Reggae

Reggae – wer hat bei diesem Stichwort nicht sofort einen ganz bestimmten Song, einen unverwechselbaren Groove im Kopf? Diese Musikrichtung erfreut sich immer größerer Beliebtheit, obwohl – und das wird die meisten jetzt überraschen – der Reggae eine eher neue Stilrichtung darstellt.

Er entstand nämlich erst Ende der 60er Jahre unter dem Einfluss amerikanischer Musikstile wie zum Beispiel Soul, Country und Jazz in Jamaika. Die ursprüngliche Bedeutung des Wortes “Reggae” ist unklar, manche meinen, dass diese Bezeichnung aus dem lateinischen stammt – von “rex”, zu Deutsch “der König”.

Das wesentliche Erkennungsmerkmal des Reggae ist sein Rhythmus. Die starke, akzentuierte Betonung der “zwei” und der “vier” des Taktes verleiht ihm seinen einzigartigen und sofort erkennbaren Klang.

Die Popularität des Reggae ging Hand in Hand mit der seiner Proponenten.
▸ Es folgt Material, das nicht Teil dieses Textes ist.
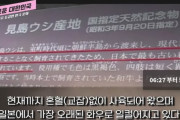 韓国人「桜、明太子、着物、黒牛、和傘、うどん、は韓国起源」→「味噌醤油は韓国固有の味付け、刺身も韓国が先に食べていた」　韓国の反応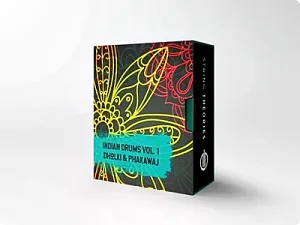 印度打击乐鼓音源-Alex Pfeffer Indian Drums Vol. 1 Dholki & Phakawaj Kontakt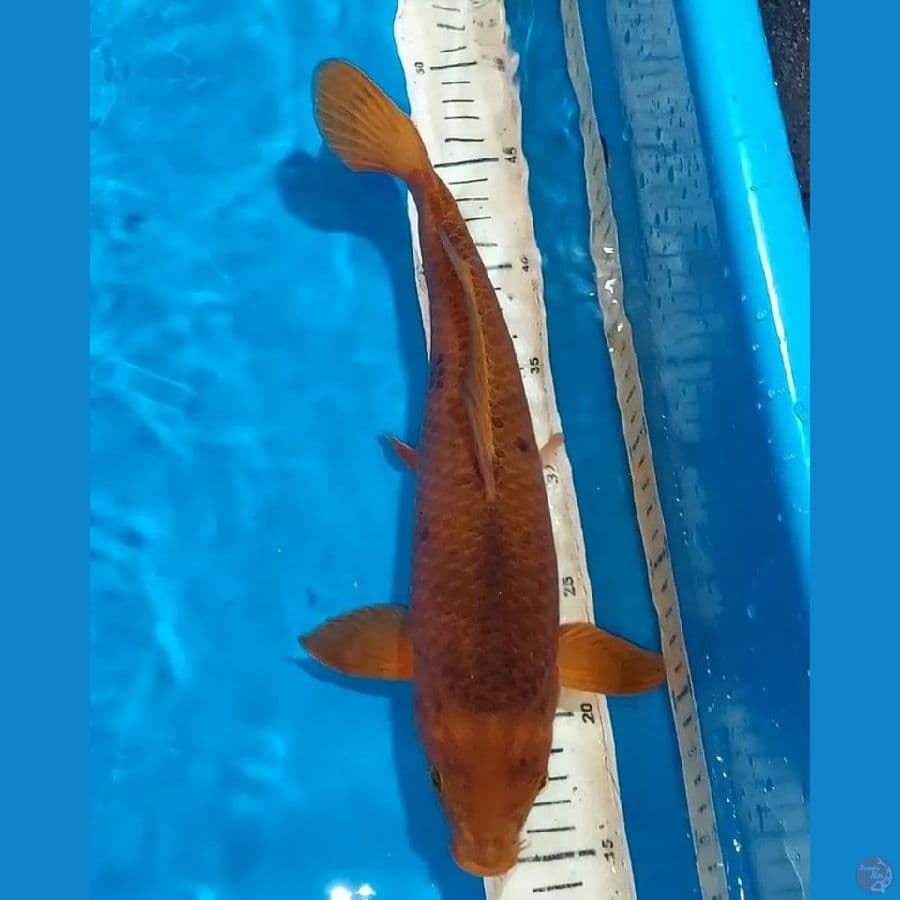 CARAMEL 33 CM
Muss Bob Marley in diesem Zusammenhang überhaupt erwähnt werden? Ja! Er muss! Marley ist Reggae, und Reggae ist Marley. Ihm ist es als einzigem gelungen, auch über seinen viel zu frühen Tod hinaus, nicht nur unvergessen zu bleiben – er lebt weiter, ein Phänomen, vergleichbar vielleicht gerade noch mit Elvis Presley.

Bob Marley wurde 1945 in Jamaika geboren und starb 1981 in Florida, er litt unter Hautkrebs. Mit seiner Band, den Wailers, machte er aber in den 70er Jahren den Reggae weltberühmt, es seien hier nur seine größten Hits “No woman, no Cry”, “Get up, stand up” oder “I shot the sheriff” erwähnt. Um wie viel ärmer wäre die Musik heute ohne diesen großen Künstler?

Jedenfalls fand der Reggae rasch überall in der Welt eine immer stärkere Fangemeinde, und diese Stilrichtung blieb nicht mehr nur farbigen Musikern vorgehalten. Auch die deutsche Gruppe Spliff versuchte sich im Reggae, und die britische Band UB40 ist ebenfalls in einem Atemzug mit “Reggae” zu nennen – “red red wine” hieß deren größter Hit, und er wird heute noch weltweit auf und ab gespielt.